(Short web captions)
· · · · · · ·

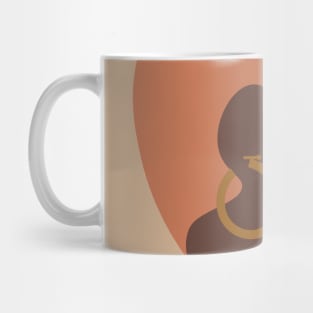 Modern Black Woman, Boho Afro Girl Mug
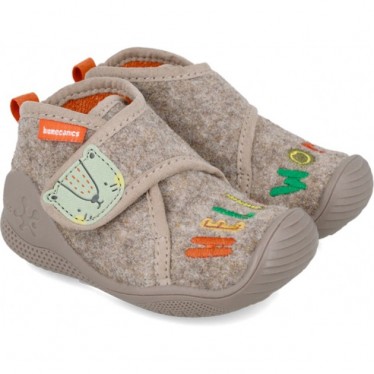 Chaussons enfants BIOMECANICS 241154 feutre TAUPE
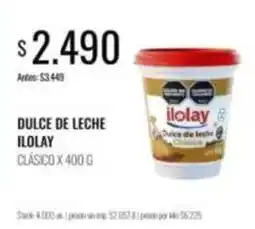 Supermercados Tadicor Ilolay - dulce de leche clásico oferta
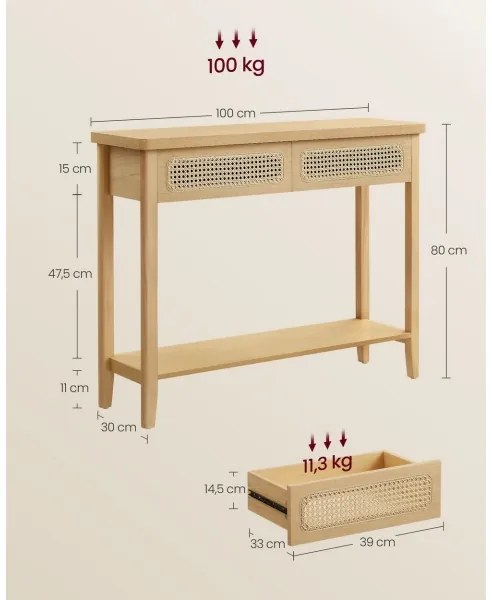 Tavolino d'appoggio FALKO marrone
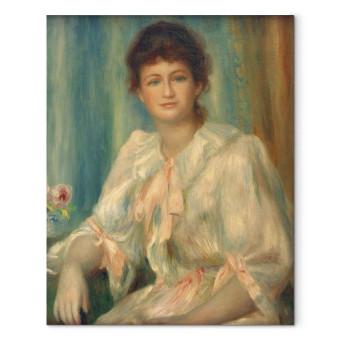 Reproducción de cuadro Porträt einer jungen Frau in Weiß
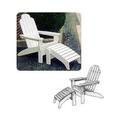 Woodworking Paper Plan to Build Adirondack Folding Chair and Footrest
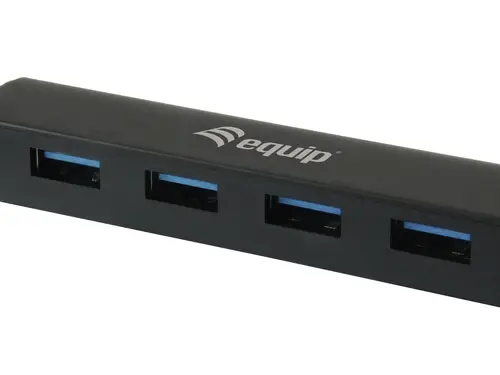 128953 hub de interfaz USB 3.2 Gen 1 (3.1 Gen 1) Type-A 5000 Mbit/s Negro - Imagen 4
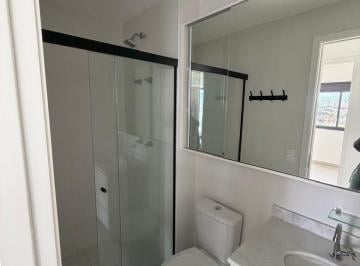 Banheiro · Apartamento para alugar com 48m², 2 quartos e 1 vaga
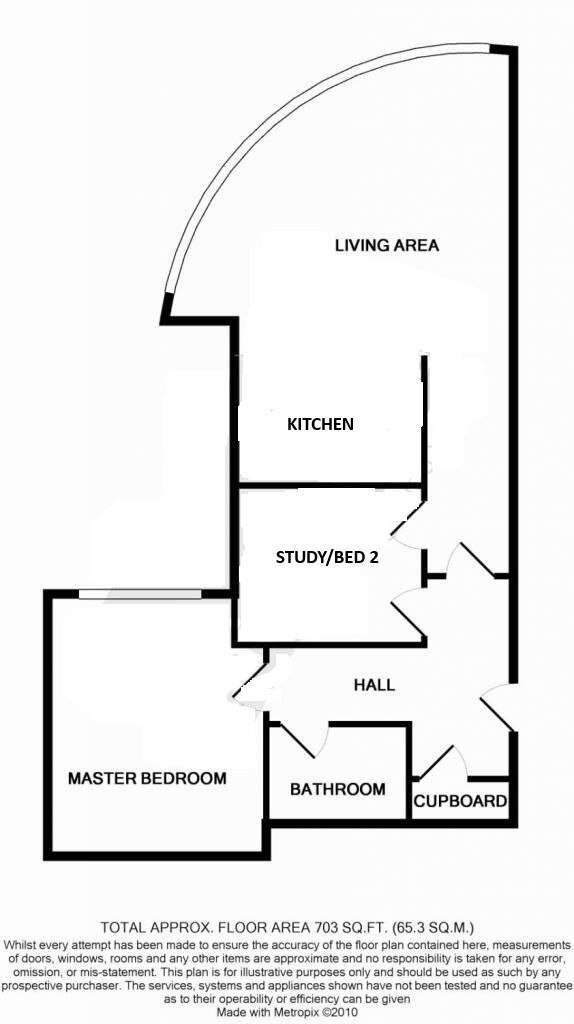 Floorplan of 2 bedroom  Flat to rent, Forth Banks, Newcastle upon Tyne, Tyne and Wear, NE1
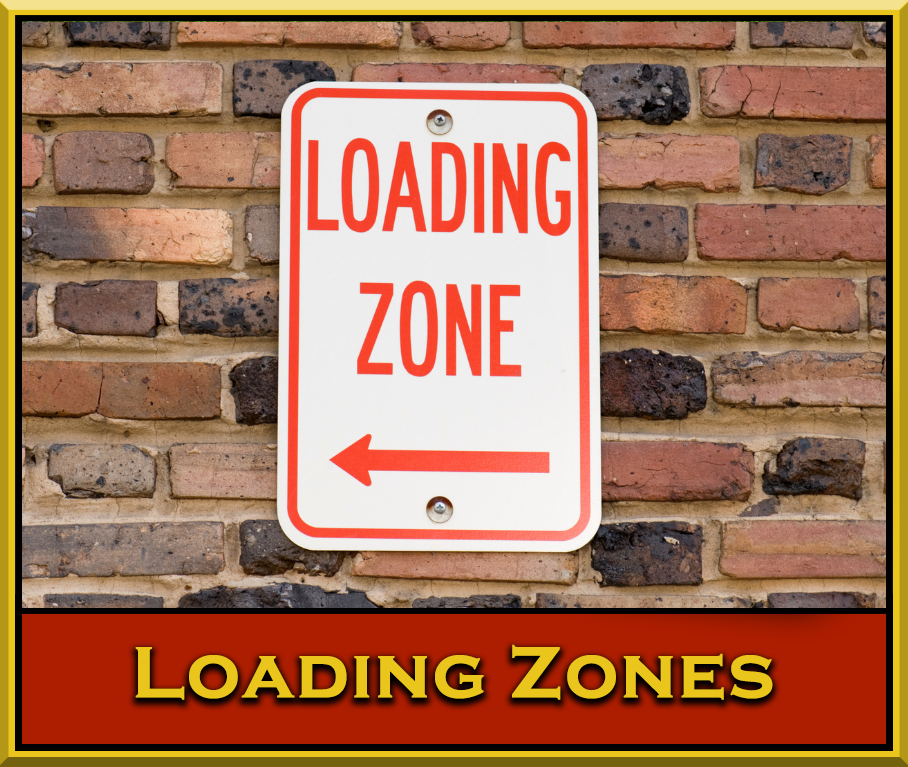 Loading Zone Sign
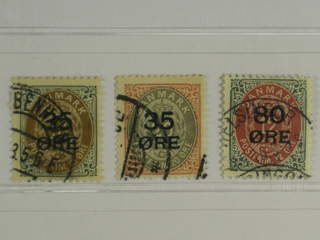Denmark. Facit 47–49 used , 1904 New value surcharge SET (3). SEK 2100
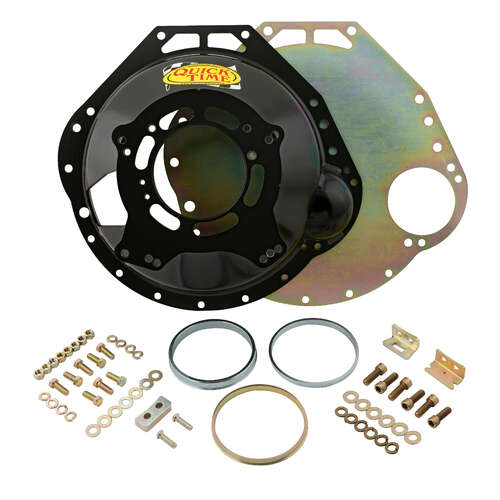 Quick Time Bellhousing, Hydraulic Clutch, 157 Tooth Flywheel, 6.3 in. Height, Manual Transmission, Steel, Black, SB For Ford, Each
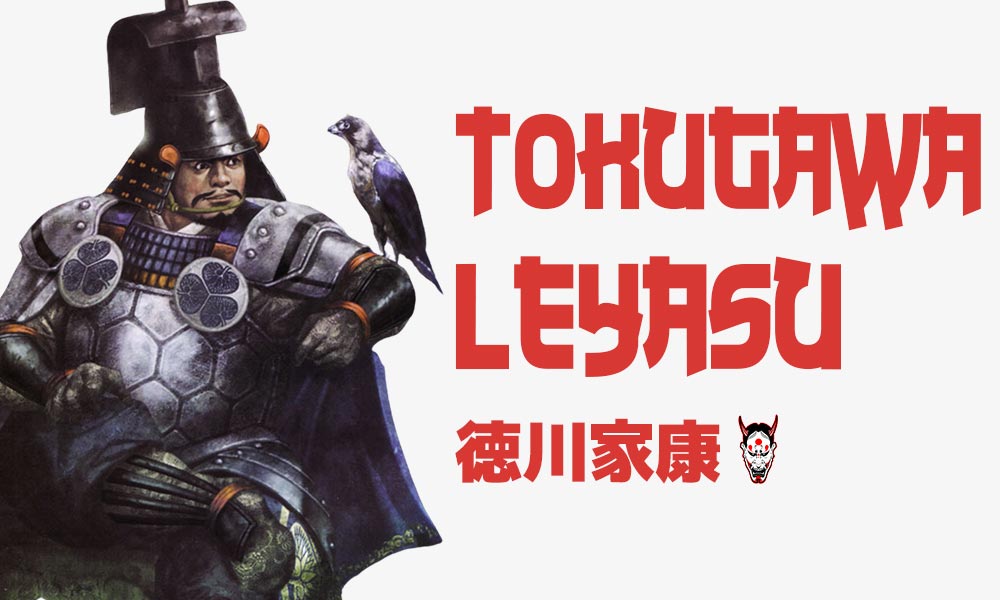 Le shogun leyasu tokugawa est en armure de samouraï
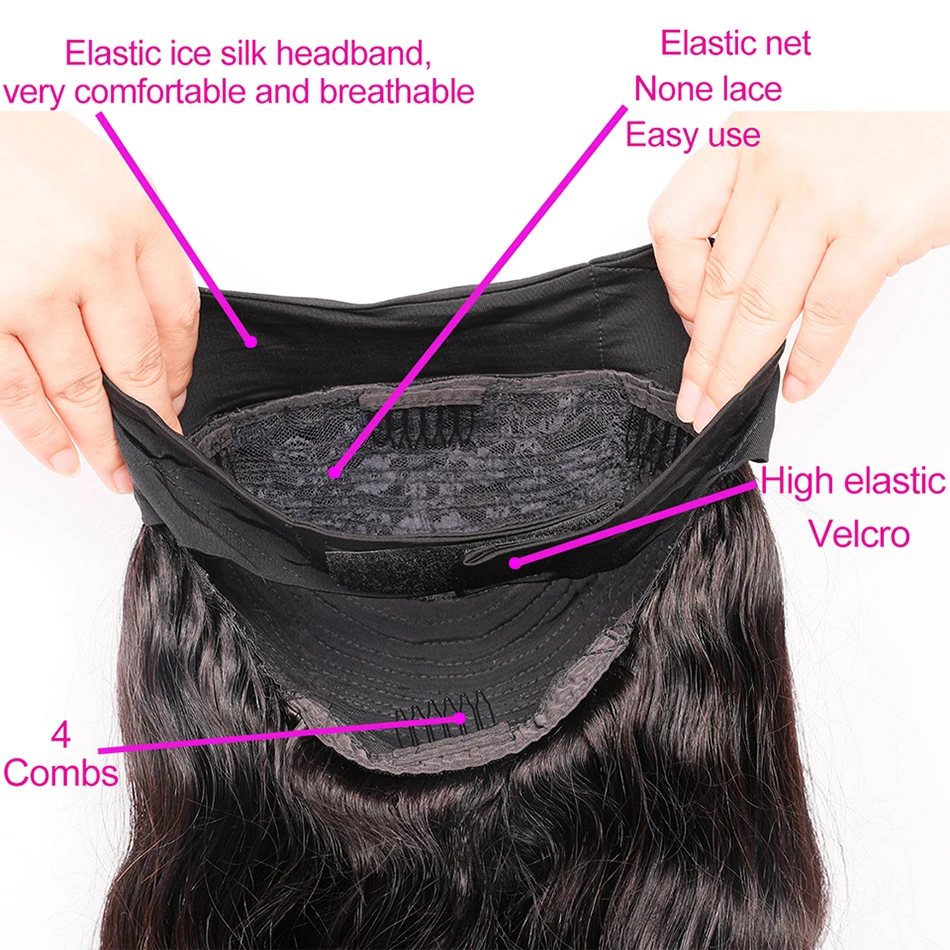 Headband Scarf Wig-1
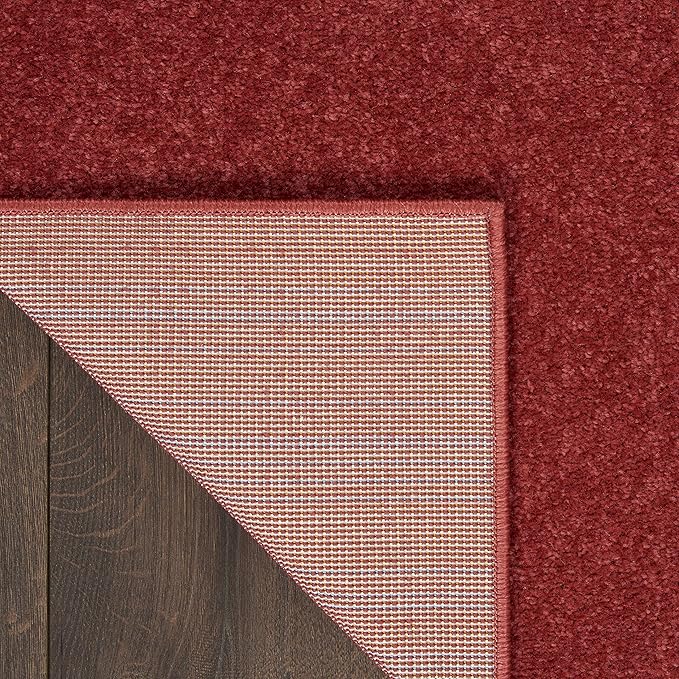 Nourison Home Nourison Essentials Brick Red 7' x 10' Area Rug - Easy Clean, Non Shedding, Bed Room, Living Room, Dining Room, Kitchen (7' x 10')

· · · · · · ·

EXERCISE GOAL - Output, exactly and without pictures, the lines above that run from the one containing "Reproducción de cuadro" through the last line of the entries, inclusive.

SOLUTION TO THIS PROBLEM -
 Reproducción de cuadro Porträt einer jungen Frau in Weiß
 Woodworking Paper Plan to Build Adirondack Folding Chair and Footrest
 128953 hub de interfaz USB 3.2 Gen 1 (3.1 Gen 1) Type-A 5000 Mbit/s Negro - Imagen 4
 Banheiro · Apartamento para alugar com 48m², 2 quartos e 1 vaga
 Floorplan of 2 bedroom  Flat to rent, Forth Banks, Newcastle upon Tyne, Tyne and Wear, NE1
 Loading Zone Sign
Denmark. Facit 47–49 used , 1904 New value surcharge SET (3). SEK 2100
 Quick Time Bellhousing, Hydraulic Clutch, 157 Tooth Flywheel, 6.3 in. Height, Manual Transmission, Steel, Black, SB For Ford, Each
 Le shogun leyasu tokugawa est en armure de samouraï
 Headband Scarf Wig-1
 Nourison Home Nourison Essentials Brick Red 7' x 10' Area Rug - Easy Clean, Non Shedding, Bed Room, Living Room, Dining Room, Kitchen (7' x 10')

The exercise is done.